I'm told quite often that I'm just being silly or overreacting when I voice that I don't think my needs are being met.

GRrrrrrrrrrrrrrr >:-(

Nothing pisses me off more than hearing that. Huge red flag, screaming sirens, etc
 
Thanks all for the advice. Well it ended, and hurt fully kind of as expected. We hadn't been intimate in weeks and when I brought it up I got treated like suddenly I was asking too much of them, and they have a kid to take care of how do I expect them to be able to spend time with me once a week (this was never an issue before) basically blamed me for not fostering a good relationship with my girlfriend (who was the one who pulled away from ME) and told that I had put a strain on their relationship. They finally admitted my gf wasn't interested in me (no shit! Why didn't they admit that sooner and save me some time)

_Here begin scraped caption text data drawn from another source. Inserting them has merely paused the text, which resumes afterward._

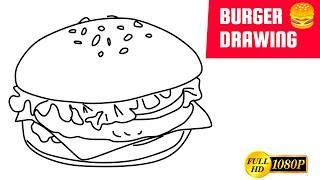 Make Burger Easy Drawing By Ashish Samrat, Drawing, Craft, Art, Draw, New Drawing In 2 Minutes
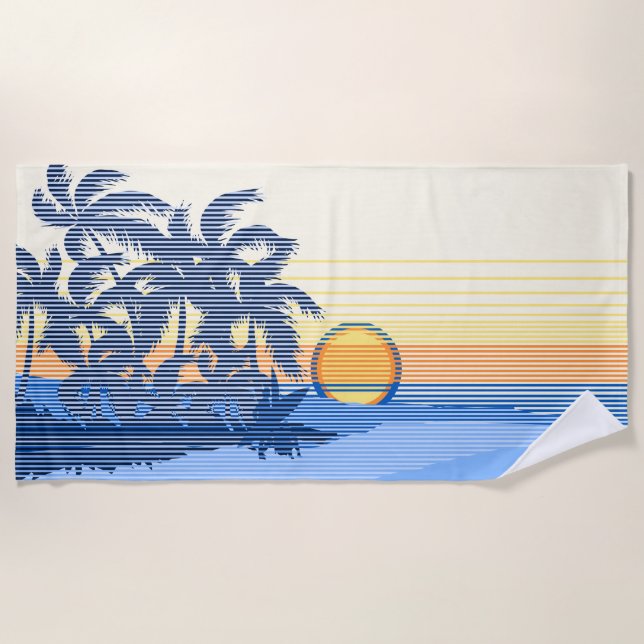 Serviette De Plage Big Sunset Strike Hawaiian Surfers - Bleu (Devant)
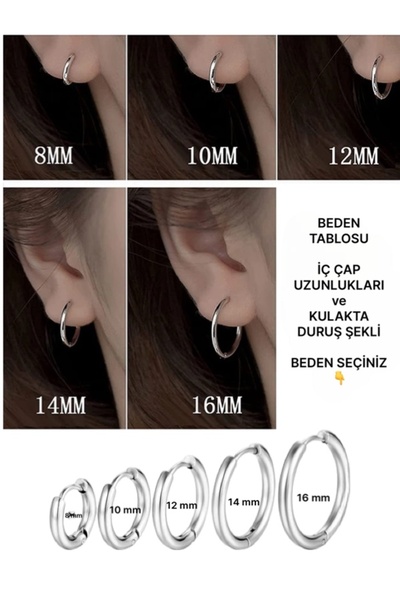 ARASKO Cerrahi Çelik Kararmaz Soyulmaz Çelik Küpe 1 Çift Stainless Steel (Beden Seçenekli)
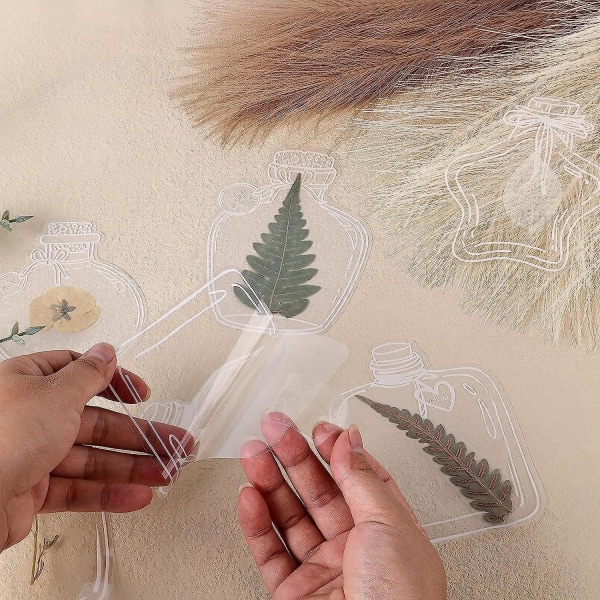 Sett med 20 gjennomsiktige bokmerker for tørkede blomster i kreativ flaske - ideell for DIY-lesealbum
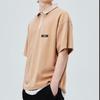 Camisa de Casal 2024 Letra Simples Etiqueta Pequena Camiseta de Manga Curta Verão Masculino Tendência Marca Solta Casual Gola Redonda Camiseta de Cinco Pontos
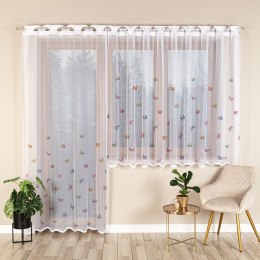 MOTYLKI Firanka żakardowa gotowa na prosto,220x145cm, kolor biały P00310/FBP/001/145220/1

Anyways... It was always about me just fitting into their life IF they had time. They never really MADE time for me and then chastised me when I let them know my needs weren't being met. Talked to me like I was interrupting their life when they invited me into it. I'm pretty broken up about it all. Been a rough few days. Lots of crying, I can't sleep. I know it was for the best but that doesn't make it hurt any less!!! Beware the warning signs is my advice... your first instinct is usually the right one, I know mine was and I should have listened to my intuition. Sigh.